== Work item ==
Without including the pictures, copy each line below exactly as it reads.

== Recorded information ==
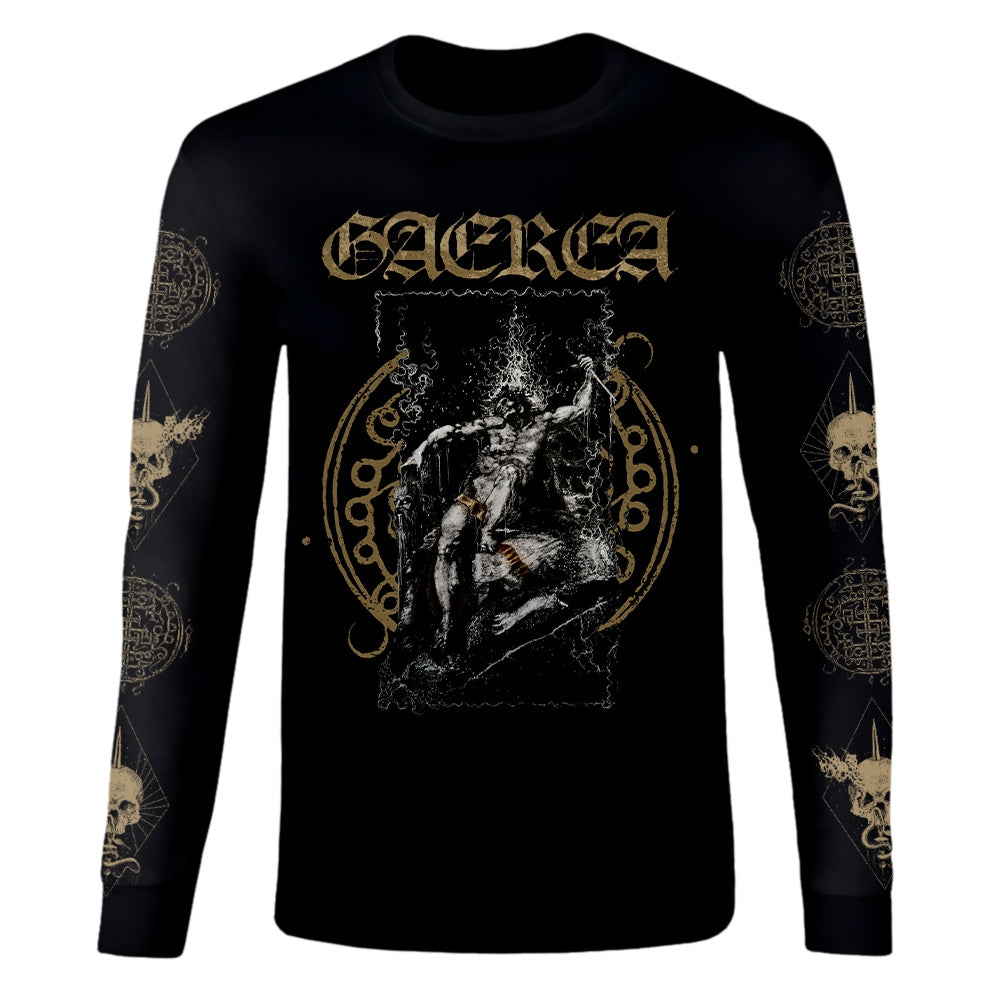 Gaerea - Mantle - LONG SLEEVE - SEASON OF MIST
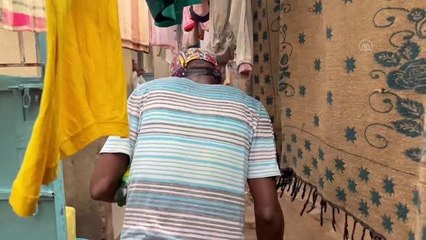 Uganda'nın çocukları: Şiddet ve uyuşturucu bağımlılığı arasındaki hayatlar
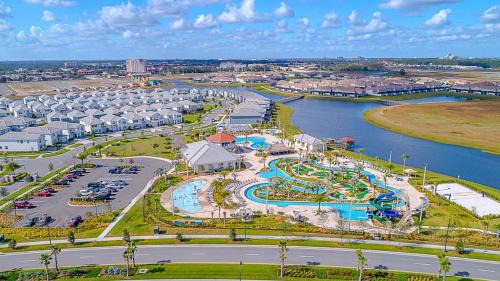 Kissimmee Casa | 4176SS STOREY LAKE VILLA WITH PRIVATE POOL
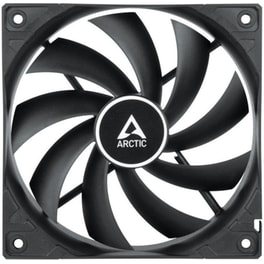 Case Fan Arctic F12 PWM 120mm - Μαύρο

== Response to this exercise ==
 Gaerea - Mantle - LONG SLEEVE - SEASON OF MIST
 Uganda'nın çocukları: Şiddet ve uyuşturucu bağımlılığı arasındaki hayatlar
 Kissimmee Casa | 4176SS STOREY LAKE VILLA WITH PRIVATE POOL
 Case Fan Arctic F12 PWM 120mm - Μαύρο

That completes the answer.